Although I greatly admire the quality of detail and focus here, this is not a way I am aspiring to draw myself.

(photos my own from the exhibition)

MARC FAIRNINGTON

Marc Fairnington paints with intense detail- humans, animals, and plants.

I am quite fascinated by his long series of eyes, both human and animal, in tondo formats, they look spectacular. I often draw eyes and want to learn how to draw them better, so this is a wonderful example to look at.

But if his paintings look like from a natural history collection at a first glimpse- they are much more interesting than that. It is “unnatural history”- invented creatures, plants with more than one species on the same branch and beasts.

I definitely admire this extremely detailed and meticulous painting, the seemingly natural, but then with an added layer of mystery.

(Images from: Underwood, S. 2020. Marc Fairnington painter. [Online]. [13 November 2020]. Available from: https://markfairnington.com/)

A FINER FOCUS ON TILES

I have just spent days looking at the patterns of the wild tiles in our odd house, for the artist’s book.

For this project, I want to continue scrutinizing the patterns closely and recombining them into a new imagined world.

I will use a fine liner pen working from an easel.
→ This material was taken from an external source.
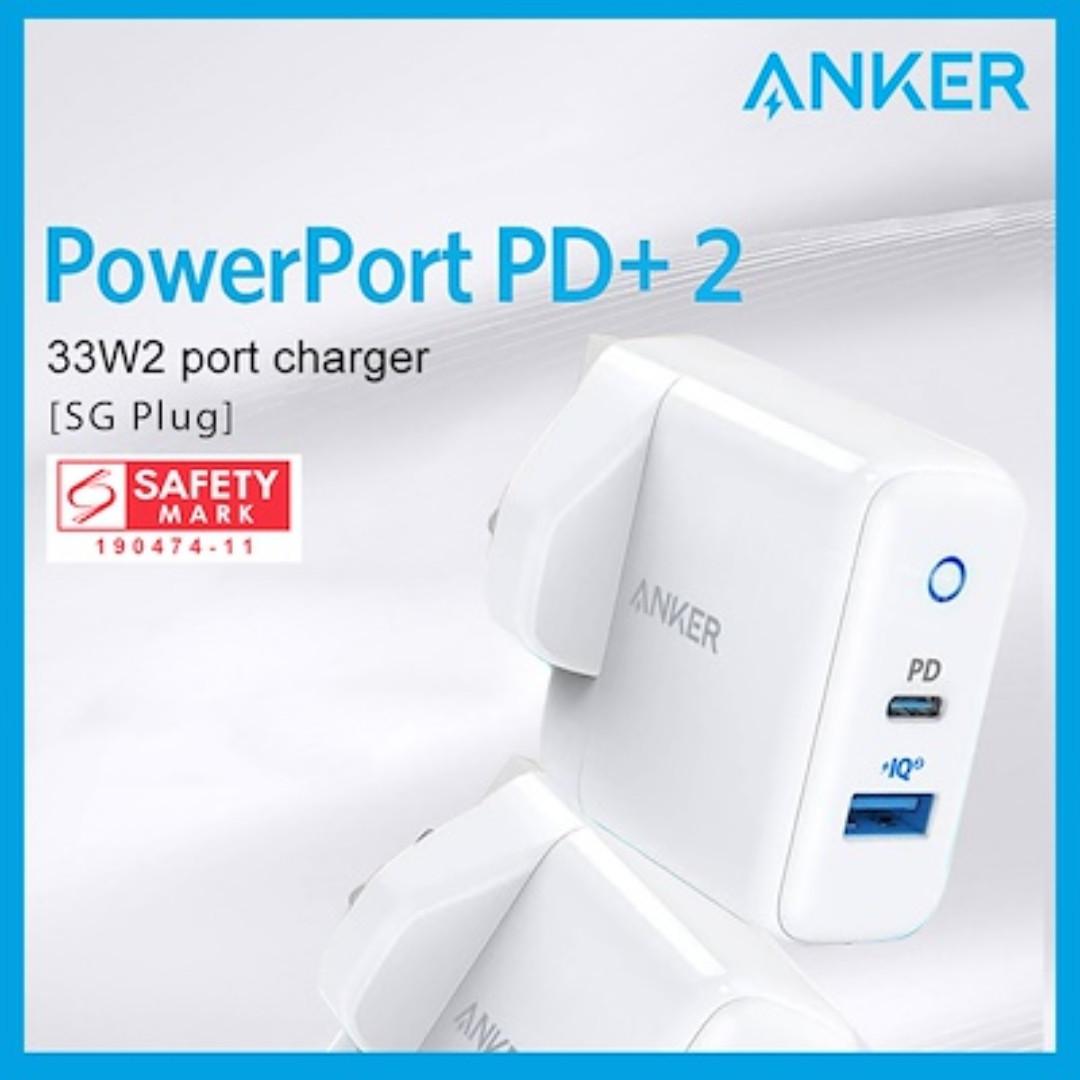 Anker 33w Powerport Pd 2 Power Delivery Poweriq 2 0 Usb C Wall Charger Charging Adapter Sg Plug Electronics Others On Carousell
I prepare a larger square of 36×36 cm white 300gr watercolour paper to mimic a clean, white tile, large enough to develop different patterns. This is a combination between close observation of the existing patterns and allowing myself the freedom to continue into extended doodling.

I noticed in the previous project of the artists book, what a very different feeling a lifesized (180×200 cm) drawing on the wall had, compared to the small printed version of the same drawing that I could hold in my hand.

This is a sequence of the process combining the different patterns and free drawing:

I am definitely not an abstract artist- even when I am planning to focus on patterns, I start finding form.

This is the final drawing:

This drawing gave me the experience of working painstakingly and meticulously, it required a finer focus. I think that is possible to feel for the viewer. I am not overly enthusiastic with the result, but greatly enjoyed the meditative aspect of the project, and also developed yet another level of knowledge about the weird tiles in this house. I was quite surprised to notice how imperfect their patterns actually are, something I had not noticed when seeing them on the wall.